I am getting 75 FPS with Two GPUS 1080Ti. I expected much more performance than this. Tiny-yolo on single GPU is giving us 200 FPS. Can anyone confirm having the same observations that i have ? Thanks

Walid-Ahmed commented 7 years ago

HI All

I tested using SSD-Mobile and got like double speed of SSD_vgg16 I am trying to test R_FCNN but I can't figure out the value for the feature_extractor { type: ‘ssd_mobilenet_v1’ ......} what type should I use if am using RFCNN? Thanks

bw4sz commented 7 years ago

@GBJim can you confirm whether you have similar information/intuition on CPU times?

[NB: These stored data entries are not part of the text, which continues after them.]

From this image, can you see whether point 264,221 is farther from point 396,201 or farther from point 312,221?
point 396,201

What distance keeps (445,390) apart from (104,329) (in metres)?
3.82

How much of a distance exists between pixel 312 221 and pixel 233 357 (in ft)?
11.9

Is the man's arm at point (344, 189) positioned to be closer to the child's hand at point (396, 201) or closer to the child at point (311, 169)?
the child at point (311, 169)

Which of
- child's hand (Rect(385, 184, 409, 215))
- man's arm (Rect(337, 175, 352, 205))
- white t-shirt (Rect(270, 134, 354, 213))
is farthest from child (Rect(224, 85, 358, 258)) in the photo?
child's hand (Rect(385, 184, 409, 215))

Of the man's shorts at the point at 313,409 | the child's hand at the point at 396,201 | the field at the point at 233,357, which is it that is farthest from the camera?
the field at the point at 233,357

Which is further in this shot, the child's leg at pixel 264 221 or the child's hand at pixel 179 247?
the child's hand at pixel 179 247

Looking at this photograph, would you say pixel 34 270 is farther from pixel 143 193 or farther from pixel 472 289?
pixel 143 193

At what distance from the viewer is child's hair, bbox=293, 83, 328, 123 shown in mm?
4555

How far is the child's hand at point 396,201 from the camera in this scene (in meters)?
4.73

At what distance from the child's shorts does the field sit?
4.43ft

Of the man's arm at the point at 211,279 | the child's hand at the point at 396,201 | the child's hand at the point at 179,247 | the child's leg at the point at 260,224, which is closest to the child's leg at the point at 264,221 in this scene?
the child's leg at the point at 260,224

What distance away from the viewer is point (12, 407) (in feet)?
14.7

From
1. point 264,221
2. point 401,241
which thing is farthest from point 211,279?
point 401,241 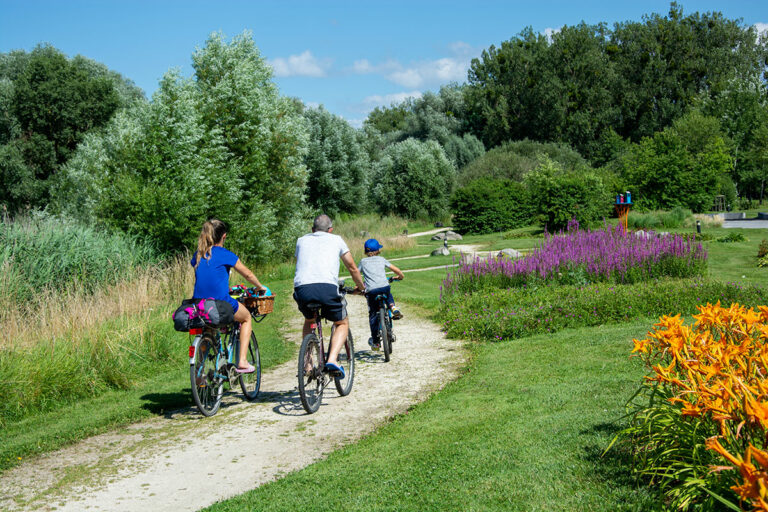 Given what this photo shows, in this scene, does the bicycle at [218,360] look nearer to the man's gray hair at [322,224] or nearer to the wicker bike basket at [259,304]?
the wicker bike basket at [259,304]

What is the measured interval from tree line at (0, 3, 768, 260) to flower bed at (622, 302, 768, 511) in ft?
50.5

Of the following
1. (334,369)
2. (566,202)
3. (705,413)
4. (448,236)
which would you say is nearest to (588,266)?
(334,369)

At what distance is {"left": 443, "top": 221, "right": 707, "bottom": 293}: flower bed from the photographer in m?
13.1

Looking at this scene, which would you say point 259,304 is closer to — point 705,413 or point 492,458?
point 492,458

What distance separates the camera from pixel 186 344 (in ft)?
34.0

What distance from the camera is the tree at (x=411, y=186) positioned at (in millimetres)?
49750

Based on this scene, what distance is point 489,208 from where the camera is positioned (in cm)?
3912

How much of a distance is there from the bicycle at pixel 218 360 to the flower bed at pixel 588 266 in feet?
20.3

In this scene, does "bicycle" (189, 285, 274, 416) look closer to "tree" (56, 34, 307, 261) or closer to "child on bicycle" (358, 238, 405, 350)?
"child on bicycle" (358, 238, 405, 350)

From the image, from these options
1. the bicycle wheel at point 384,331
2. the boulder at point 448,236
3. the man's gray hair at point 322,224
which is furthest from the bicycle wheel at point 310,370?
the boulder at point 448,236

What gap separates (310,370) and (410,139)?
48.4m

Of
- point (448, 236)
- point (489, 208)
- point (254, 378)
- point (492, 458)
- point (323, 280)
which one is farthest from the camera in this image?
point (489, 208)


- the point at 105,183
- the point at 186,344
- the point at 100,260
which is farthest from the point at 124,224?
the point at 186,344

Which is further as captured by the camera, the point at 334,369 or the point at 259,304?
the point at 259,304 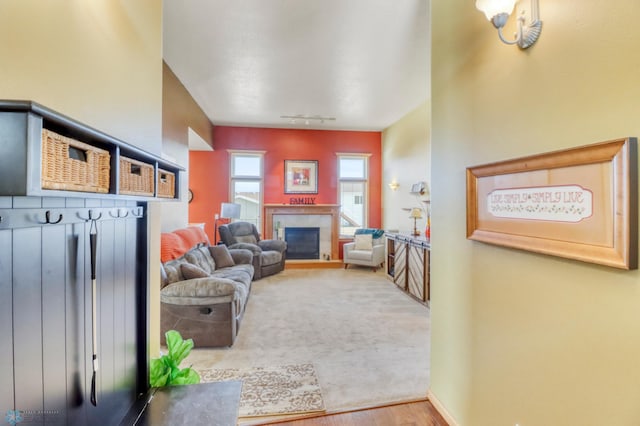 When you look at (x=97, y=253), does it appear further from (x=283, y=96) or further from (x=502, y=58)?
(x=283, y=96)

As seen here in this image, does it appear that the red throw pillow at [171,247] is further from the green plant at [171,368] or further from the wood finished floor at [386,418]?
the wood finished floor at [386,418]

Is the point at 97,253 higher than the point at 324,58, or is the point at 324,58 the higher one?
the point at 324,58

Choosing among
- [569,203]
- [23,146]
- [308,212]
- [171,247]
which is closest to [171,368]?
[23,146]

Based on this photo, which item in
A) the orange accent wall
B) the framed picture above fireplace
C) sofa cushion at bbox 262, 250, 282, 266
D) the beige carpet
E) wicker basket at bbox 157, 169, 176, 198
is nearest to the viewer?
wicker basket at bbox 157, 169, 176, 198

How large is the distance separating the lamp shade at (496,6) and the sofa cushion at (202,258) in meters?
3.72

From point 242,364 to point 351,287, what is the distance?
9.26ft

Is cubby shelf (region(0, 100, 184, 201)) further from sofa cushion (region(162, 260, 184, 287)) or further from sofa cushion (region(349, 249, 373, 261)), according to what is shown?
sofa cushion (region(349, 249, 373, 261))

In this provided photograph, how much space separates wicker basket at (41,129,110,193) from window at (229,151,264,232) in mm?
5986

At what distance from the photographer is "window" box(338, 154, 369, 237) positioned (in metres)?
7.18

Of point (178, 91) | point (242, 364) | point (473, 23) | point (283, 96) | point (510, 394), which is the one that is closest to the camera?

I know gpu is often 10x faster, but i'm seeing CPU times like 100X slower than your table.

https://stackoverflow.com/questions/46839073/tensorflow-object-detection-api-rcnn-is-extremely-slow-on-cpu-1-frame-per-min

khanh96le commented 6 years ago

@GBJim Do you know why in the load_image_into_numpy_array function, it has to reshape the image to (height, width) instead of keeping the original size (width, height)?

PythonImageDeveloper commented 6 years ago

@GBJim,@lovekesh-thakur,@bailvwangzi, Hi , i have trained ssd_mobile_coco on my own dataset , and i have some questions : Q1: i want to measurement of speed , Q2 : i want to measurement of mAP . Q3 : is it possible to view mAP for validation(Test) when i running training ? HOW? Q3 : how to be converted (ms) to FPS ? OS : ubuntu 16.04 , GPU: GTX 1080 , Tensorflow : binary 1.5 , Cuda : 9 , Cudnn : 7

bidai541 commented 6 years ago

@GBJim I met the same problem and found PIL function "np.array(image.getdata()).reshape( (im_height, im_width, 3)).astype(np.uint8)" cost a lot of time. OpenCV is faster because the format read in is ndarray. Using this function "np.asarray()" instead to aviod reshape operation and then will be no difference in efficiency.

dexception commented 5 years ago

Stop waiting your time on this trash. Move to Yolo.